======== SUPPLIED ENTRIES ========
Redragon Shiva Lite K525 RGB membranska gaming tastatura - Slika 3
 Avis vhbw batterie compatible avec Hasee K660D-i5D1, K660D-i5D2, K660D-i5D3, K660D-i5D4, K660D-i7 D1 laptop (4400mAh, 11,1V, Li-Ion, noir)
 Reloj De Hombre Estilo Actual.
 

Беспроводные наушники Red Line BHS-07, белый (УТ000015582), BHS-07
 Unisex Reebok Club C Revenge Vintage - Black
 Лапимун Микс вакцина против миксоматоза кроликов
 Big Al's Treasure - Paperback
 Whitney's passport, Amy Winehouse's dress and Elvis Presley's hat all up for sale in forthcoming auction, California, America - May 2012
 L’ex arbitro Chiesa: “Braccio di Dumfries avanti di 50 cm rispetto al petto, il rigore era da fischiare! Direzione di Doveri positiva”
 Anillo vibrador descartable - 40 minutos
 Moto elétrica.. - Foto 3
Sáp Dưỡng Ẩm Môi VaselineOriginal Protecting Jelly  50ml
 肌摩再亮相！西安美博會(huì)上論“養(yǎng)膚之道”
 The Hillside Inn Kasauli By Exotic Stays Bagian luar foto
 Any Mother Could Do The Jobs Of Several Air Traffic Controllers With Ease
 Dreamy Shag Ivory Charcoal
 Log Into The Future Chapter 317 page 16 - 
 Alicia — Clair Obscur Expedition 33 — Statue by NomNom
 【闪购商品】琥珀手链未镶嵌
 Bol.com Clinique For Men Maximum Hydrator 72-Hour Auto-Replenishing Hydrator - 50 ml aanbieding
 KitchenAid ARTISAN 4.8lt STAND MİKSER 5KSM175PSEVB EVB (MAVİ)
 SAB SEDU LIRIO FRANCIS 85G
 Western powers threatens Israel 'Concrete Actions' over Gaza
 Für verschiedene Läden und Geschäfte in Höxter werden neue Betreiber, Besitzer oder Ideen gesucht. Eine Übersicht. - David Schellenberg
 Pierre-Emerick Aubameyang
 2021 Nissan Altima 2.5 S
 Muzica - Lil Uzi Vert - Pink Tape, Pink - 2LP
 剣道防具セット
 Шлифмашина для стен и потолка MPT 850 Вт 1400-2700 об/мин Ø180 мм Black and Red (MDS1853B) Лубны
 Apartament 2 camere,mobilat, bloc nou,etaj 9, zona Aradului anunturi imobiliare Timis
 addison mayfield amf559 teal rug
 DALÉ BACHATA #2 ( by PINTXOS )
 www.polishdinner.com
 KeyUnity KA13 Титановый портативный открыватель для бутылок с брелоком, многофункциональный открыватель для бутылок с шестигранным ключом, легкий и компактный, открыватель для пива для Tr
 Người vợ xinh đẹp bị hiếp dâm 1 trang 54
========
INSTRUCTIONS FOR THE TASK
Search the material above for "Black". Pull out each line where it shows up.

RESULT OF THE EXERCISE
 Unisex Reebok Club C Revenge Vintage - Black
 Шлифмашина для стен и потолка MPT 850 Вт 1400-2700 об/мин Ø180 мм Black and Red (MDS1853B) Лубны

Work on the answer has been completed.